🤖 AI Summary
This study addresses the pronounced sensitivity of large language models (LLMs) to prompt phrasing order when generating two-level fractional factorial designs, demonstrating that the sequence of phrases in a prompt significantly affects output quality. To tackle this issue, the authors introduce, for the first time, a sequential addition experimental design framework into prompt engineering. This approach systematically quantifies the ordering effects of individual prompt components and automatically identifies the optimal prompt configuration. The proposed method not only elucidates the underlying mechanisms by which LLMs respond to structural variations in prompts but also substantially enhances both the performance and stability of LLMs in statistical experimental design tasks.
📝 Abstract
Large language models (LLMs) are becoming ubiquitous in engineering and science because they can turn prompts into data analysis code, experimental designs, formulations of optimization problems, among other applications.
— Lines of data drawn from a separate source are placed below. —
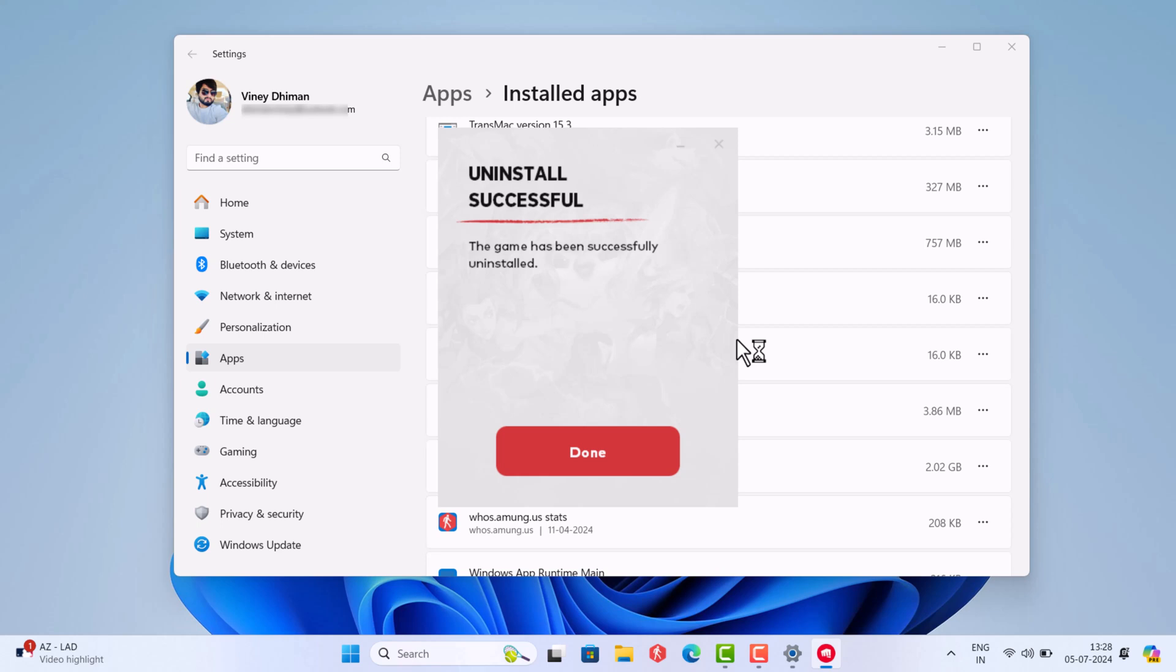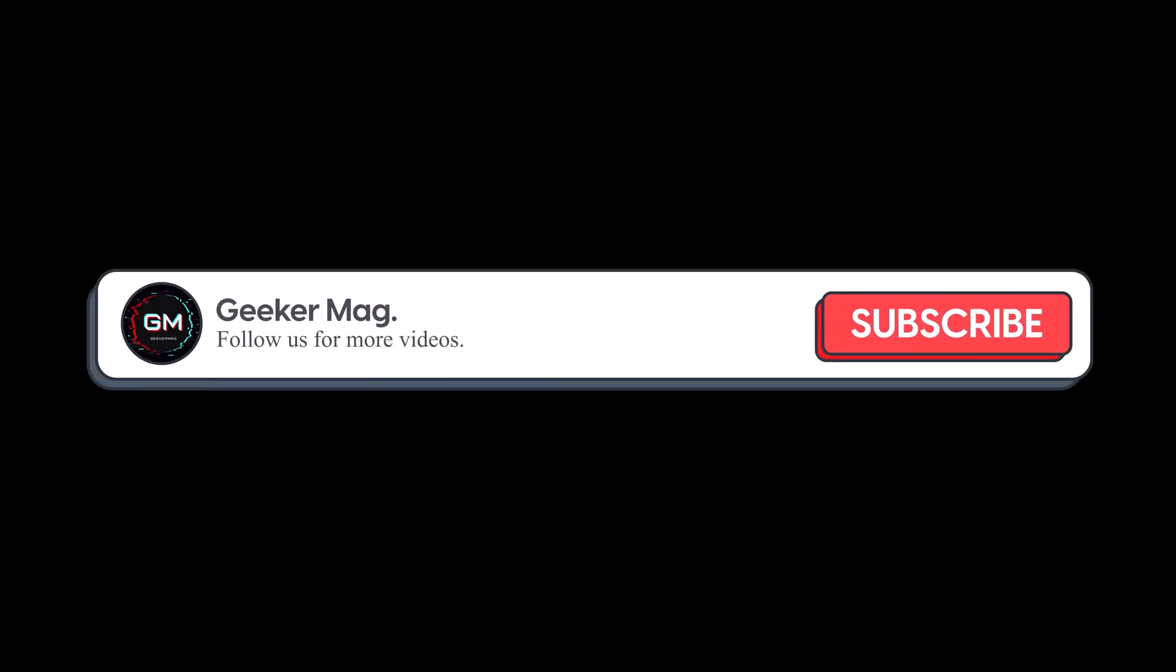Although the process of uninstalling Valorant is just like any other app installed on Windows 11 PC, some users are facing issues while performing the steps. To help those users, I decided to create this video in which I'm going to cover the right way to uninstall Valorant from Windows 11 PC in less than 30 seconds.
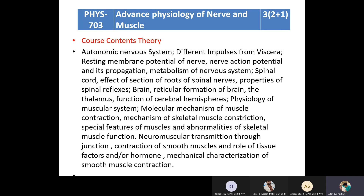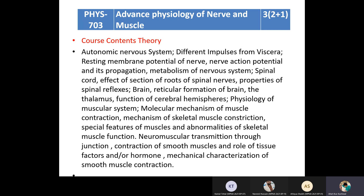In Advanced Physiology of Nerve and Muscles, we will discuss theory contents like the Autonomic Nervous System, different impulses from viscera, resting membrane potential of nerve, nerve action potential and its propagation. We will also discuss the Metabolism of the Nervous System, the Spinal Cord, effect of a section of the roots of the spinal nerves, properties of spinal reflexes, the brain, reticular formation of the brain, the thalamus, and functions of the cerebral hemisphere.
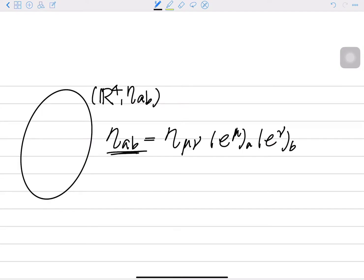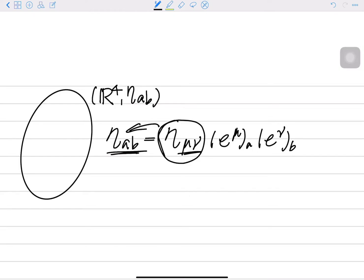When we use μ, ν indices, this means the components of the tensor field. A component means that if we change to another basis, the components will change. But the tensor remains the same — it's the same tensor.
However, many LLMs suffer from a phenomenon called order dependency, in which the order of phrases in the prompt affects their performance on a given task. To overcome this issue, we introduce a systematic method that uses order-of-addition experiments to quantify the ordering effect of elements in a prompt and identify their best positions. We demonstrate our methodology by constructing two-level fractional factorial designs using state-of-the-art LLMs. We show that order-of-addition experiments can elucidate order dependency in these LLMs, and can help us to identify a high-quality prompt configuration for the task.